Below is a listing with pictures. Repeat exactly the lines starting at the one holding "Canyoning Madeira Island - Level One - Recap" and going on through the one holding "Lego Gabby's Dollhouse", and leave every picture out.

(PROVIDED DATA):
______

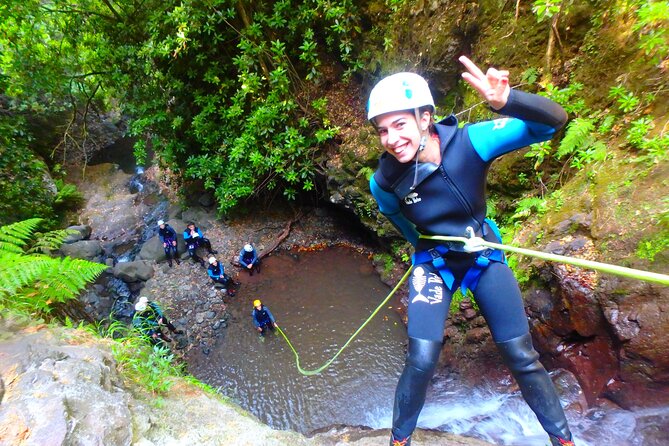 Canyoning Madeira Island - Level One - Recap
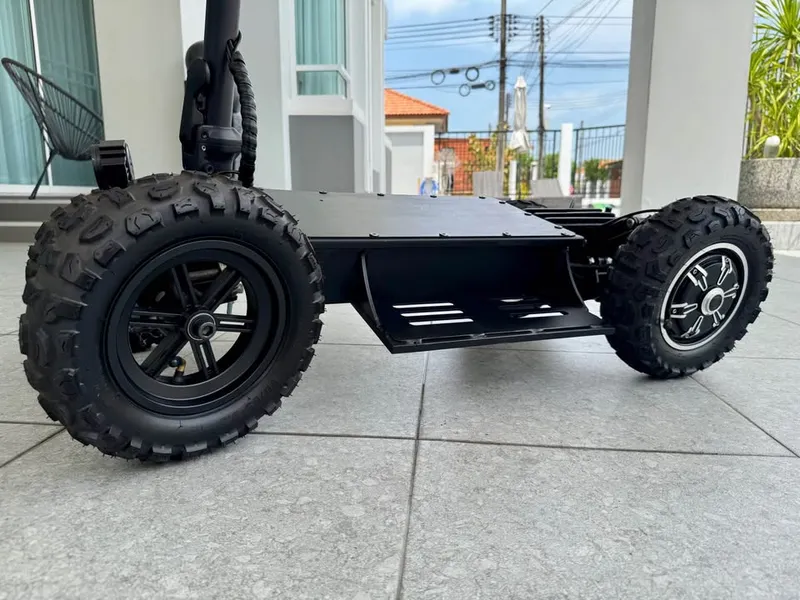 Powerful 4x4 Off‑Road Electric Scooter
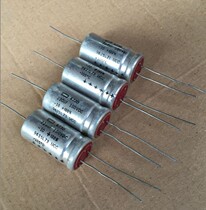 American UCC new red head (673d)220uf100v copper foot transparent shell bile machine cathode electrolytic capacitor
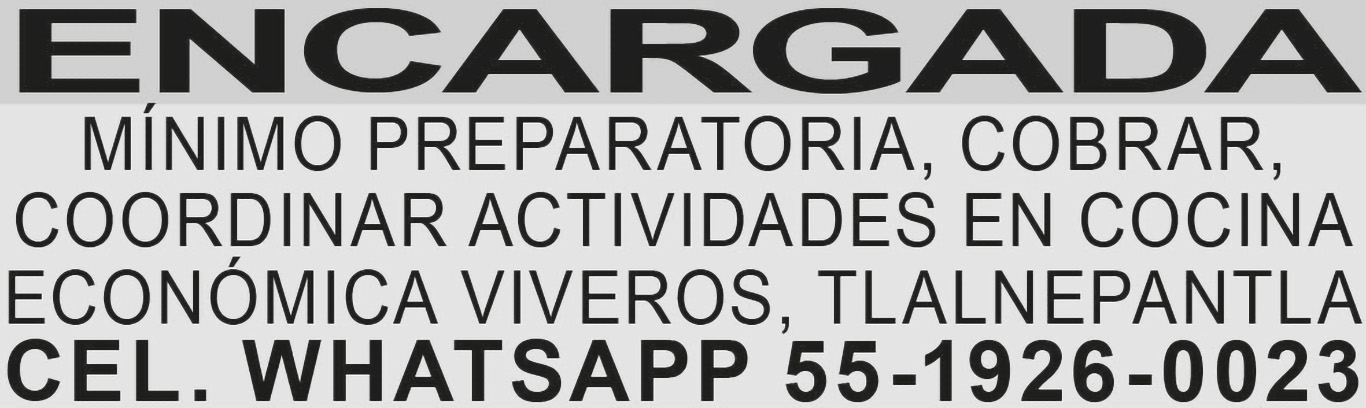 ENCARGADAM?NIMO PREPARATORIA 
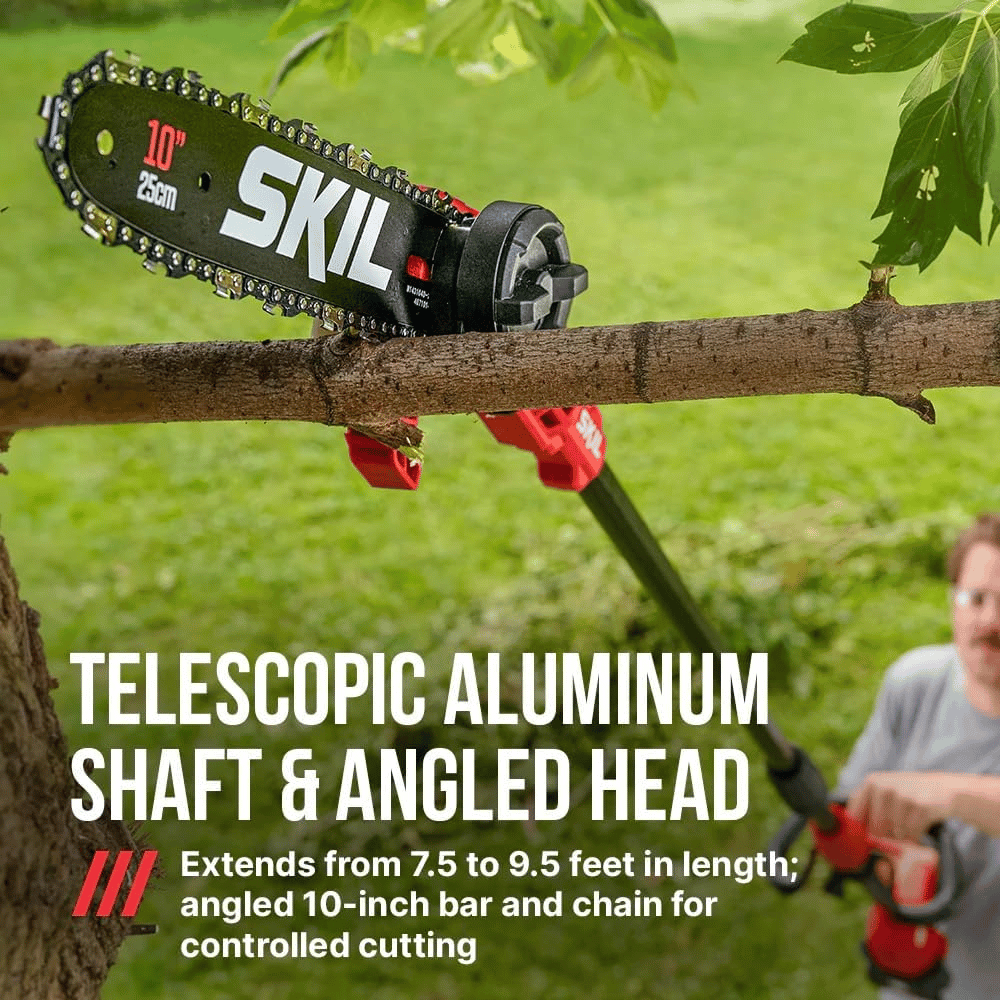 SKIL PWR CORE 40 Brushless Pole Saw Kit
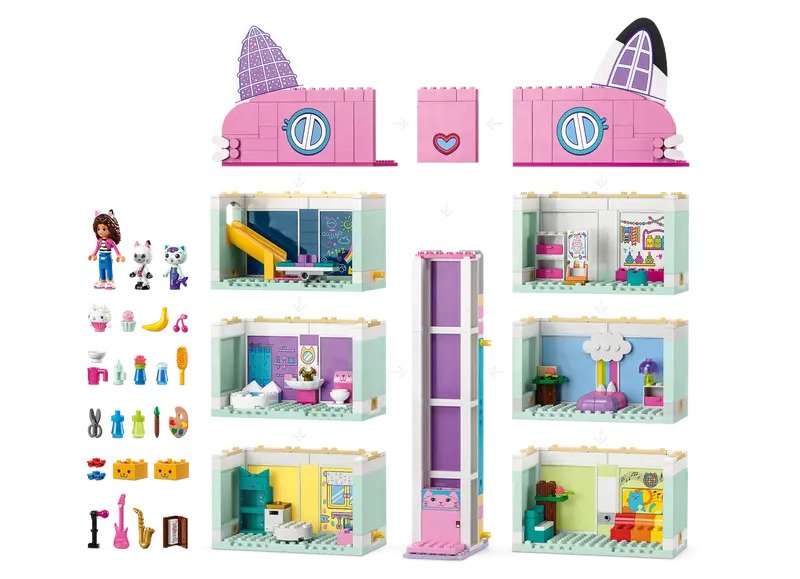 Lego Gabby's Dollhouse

______

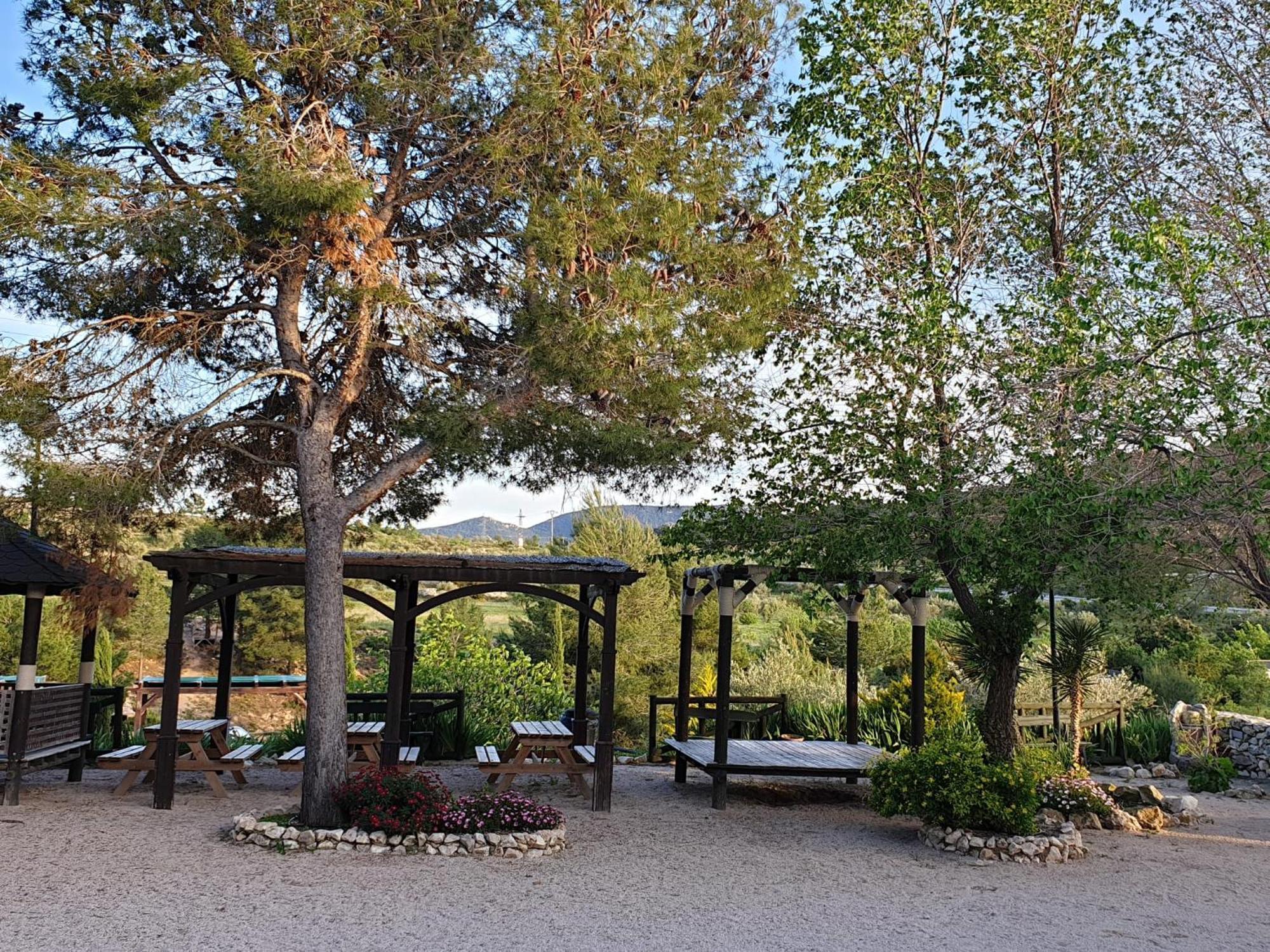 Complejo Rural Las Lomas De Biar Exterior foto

______

(COMPLETED TASK):
 Canyoning Madeira Island - Level One - Recap
 Powerful 4x4 Off‑Road Electric Scooter
 American UCC new red head (673d)220uf100v copper foot transparent shell bile machine cathode electrolytic capacitor
 ENCARGADAM?NIMO PREPARATORIA 
 SKIL PWR CORE 40 Brushless Pole Saw Kit
 Lego Gabby's Dollhouse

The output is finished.